An Additional Question

Is energy dispersal a bunch of "mismatched" puzzles leftover?

I asked this question because of the jigsaw puzzles analogy I have on my mind regarding the entropy gist.


Jigsaw Puzzles Analogy

I presume some of us are familiar with the jigsaw puzzles. The rule is we simply put it together correctly to form a complete picture of something.

What would happen if we force putting mismatched jigsaw puzzles together? Of course, we would get mismatch or incomplete picture of something.

What if mismatched jigsaw puzzles are entropy?

Enntropy is not about 'things left over'.

The important word in your phrase energy dispersal is not energy but dispersal.

Note the difference between dispersal and dissipation.

Dispersal means spreading out, and becoming less concentrated, it does not imply disappearing.

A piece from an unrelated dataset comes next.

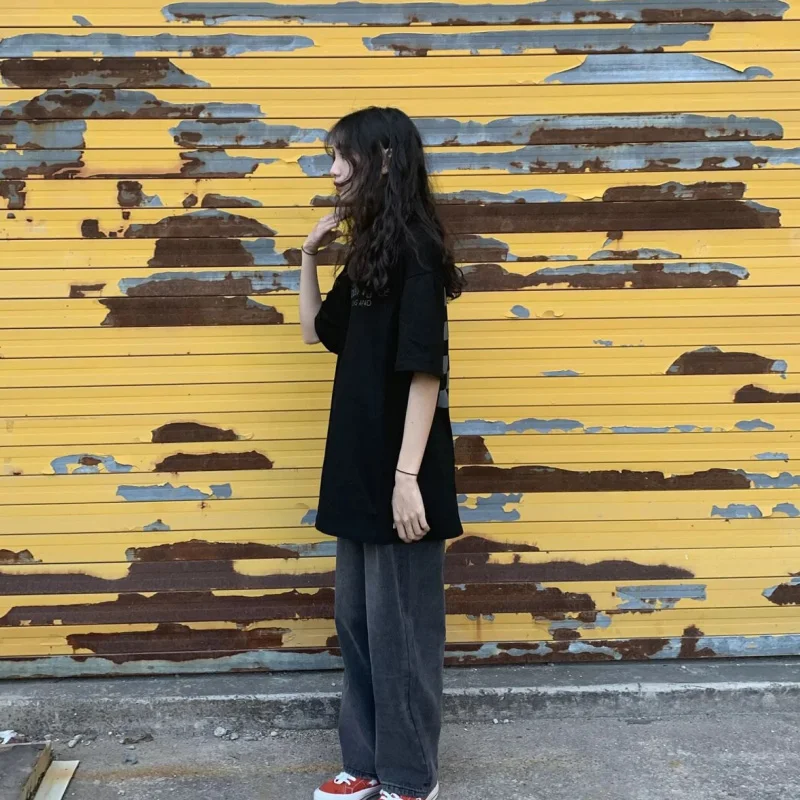 تي شيرت نسائي كوري فضفاض ort Sve تي شيرت Harajuku Sle متوسط الطول مستدير Ne Top مزيج من القطن والبوليستر والألياف اللدنة #5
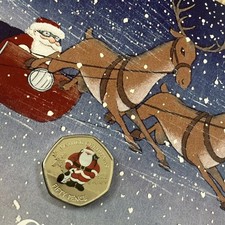 2019 Gibraltar Father Christmas /Raymond Briggs Snowman Colour 50p coin Card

Dissipation implies disappearing or weakening.

 

A good analogy to think about is a lump of sugar added to your coffee.

When you first add the sugar there is a large quantity in one small part of the cup and little or nothing in the rest.

As you stir, the sugar spreads out over the entire volume of coffee, becoming evenly concentrated everywhere.

This spreading out or evening out is driven by entropy.

But we do not measure entropy in lumps of sugar, we measure it in terms of energy because energy is a property common to many different spreading out processes.